[Required action]: Transcribe the records underneath word for word, and leave no line out.

[Provided material]:
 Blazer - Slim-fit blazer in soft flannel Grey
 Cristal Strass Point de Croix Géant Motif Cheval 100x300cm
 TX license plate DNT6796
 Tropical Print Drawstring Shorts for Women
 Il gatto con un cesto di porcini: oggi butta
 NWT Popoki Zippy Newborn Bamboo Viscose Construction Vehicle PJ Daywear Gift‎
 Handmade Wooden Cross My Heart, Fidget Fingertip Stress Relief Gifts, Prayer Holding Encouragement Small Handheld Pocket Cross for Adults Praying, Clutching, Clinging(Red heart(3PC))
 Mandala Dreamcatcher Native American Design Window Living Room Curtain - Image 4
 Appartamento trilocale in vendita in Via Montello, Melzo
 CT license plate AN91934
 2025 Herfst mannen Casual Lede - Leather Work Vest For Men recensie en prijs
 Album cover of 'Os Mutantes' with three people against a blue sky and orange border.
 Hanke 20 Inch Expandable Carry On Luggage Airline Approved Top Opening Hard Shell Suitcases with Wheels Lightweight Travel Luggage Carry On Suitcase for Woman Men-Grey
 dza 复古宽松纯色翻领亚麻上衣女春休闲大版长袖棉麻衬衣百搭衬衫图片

[Result]:
 Blazer - Slim-fit blazer in soft flannel Grey
 Cristal Strass Point de Croix Géant Motif Cheval 100x300cm
 TX license plate DNT6796
 Tropical Print Drawstring Shorts for Women
 Il gatto con un cesto di porcini: oggi butta
 NWT Popoki Zippy Newborn Bamboo Viscose Construction Vehicle PJ Daywear Gift‎
 Handmade Wooden Cross My Heart, Fidget Fingertip Stress Relief Gifts, Prayer Holding Encouragement Small Handheld Pocket Cross for Adults Praying, Clutching, Clinging(Red heart(3PC))
 Mandala Dreamcatcher Native American Design Window Living Room Curtain - Image 4
 Appartamento trilocale in vendita in Via Montello, Melzo
 CT license plate AN91934
 2025 Herfst mannen Casual Lede - Leather Work Vest For Men recensie en prijs
 Album cover of 'Os Mutantes' with three people against a blue sky and orange border.
 Hanke 20 Inch Expandable Carry On Luggage Airline Approved Top Opening Hard Shell Suitcases with Wheels Lightweight Travel Luggage Carry On Suitcase for Woman Men-Grey
 dza 复古宽松纯色翻领亚麻上衣女春休闲大版长袖棉麻衬衣百搭衬衫图片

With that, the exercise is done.